"Yes, yes; let us go in-doors; then you can lie down quietly, or sit in an easy-chair, while I do my little errand more ceremoniously, for to speak the truth you look very pale yet. Take my arm; indeed you can hardly walk."
Barbara only bowed; she could not force herself to touch the lady's arm, but, with a will that was like strength, walked into the house. Lady Phipps followed her, lifting the skirt of her dress daintily from the grass, and smiling with a sort of puzzled air, as if she did not quite understand the scene she was acting in.
Barbara entered her own room, which was the best apartment in the house, and according to the usages of the time, furnished with a high bed, covered with a blue and white yarn coverlet, and pillows like little snow-drifts. A bureau of cherry-tree wood, with two or three stiff wooden chairs, an oaken arm-chair with a broad, splint bottom, stood by the window, with its curtain of sweetbrier and morning-glory vines. This, Barbara offered to her visitor.

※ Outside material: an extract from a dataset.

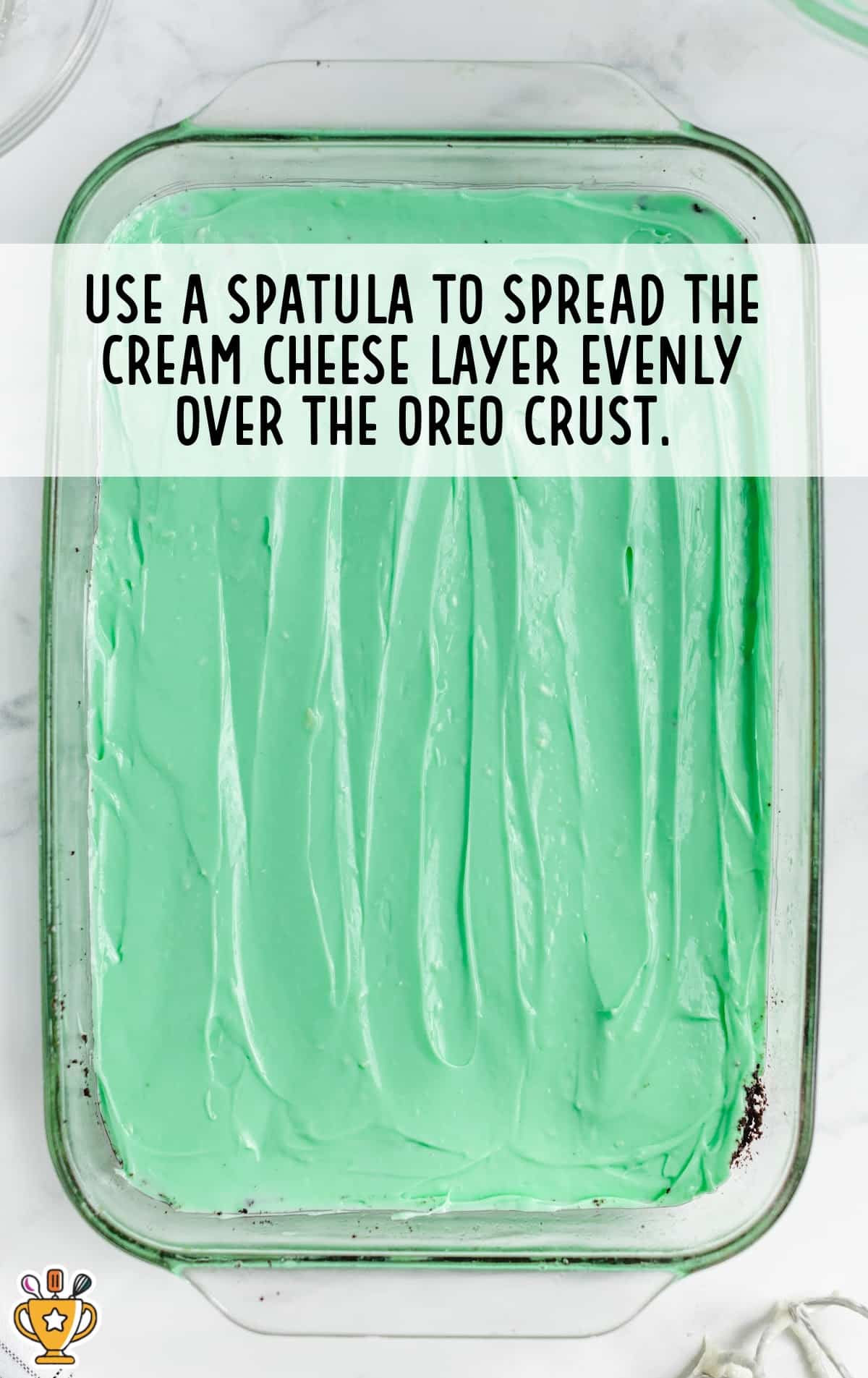cream cheese spread over the oreo crust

But Lady Phipps, with that genial grace which made every action of hers like a sunbeam, wheeled the chair around, and motioned that Barbara should occupy it. Then she seated herself on the bed, burying one elbow in the snow of the pillow, and drooping her round cheek into the palm of her hand.

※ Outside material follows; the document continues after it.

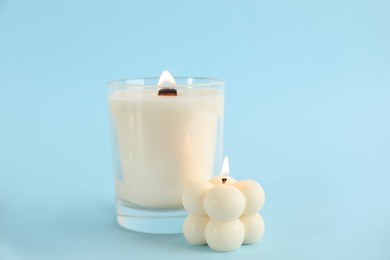 Photo of Burning soy candles on light blue background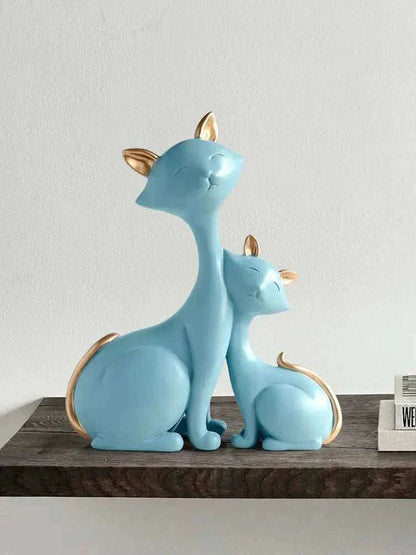 Modern minimalist blue lucky cat figurines with gold accents for home decor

"Now," she said, with a charming smile, "that we are both comfortable, let me give my invitation in proper form. First, young Lovel, who is my husband's secretary, you know, or are now informed, has set the whole gubernatorial mansion wild about you. He will have it—but no matter about his young fancies—he of course is very anxious that you should not suffer inconvenience, or remain a stranger in the New World, where Englishmen and Englishwomen should meet as brothers and sisters. He could not come himself."
"I trust—I hope—that the young gentleman has suffered no injury?" said Barbara, half starting from the chair; while for the first time Lady Phipps saw the color rush to her face. "I should be grieved."
"No harm in the world," said Lady Phipps, laughingly interrupting her; "but to tell you the truth, he was so pleasantly employed, that I had no heart to bring him away."
Barbara looked up with a questioning glance; a grave smile stole over her lips, and she said very quietly—
"Indeed! You must all have been very anxious about him."
"Anxious! You never saw such a night! None of us thought of rest. The governor, whose self-control is the admiration of everybody, wandered about the town all night long, while I and poor little Elizabeth Parris—the pretty young creature I hinted at, you know—really fretted ourselves almost into hysterics. Let me assure you, upon my honor, I almost knew how people feel when they are unhappy."
"Almost!" murmured Barbara Stafford, lifting her eyes with a gleam of mournful astonishment. But Lady Phipps was full of her subject, and went on.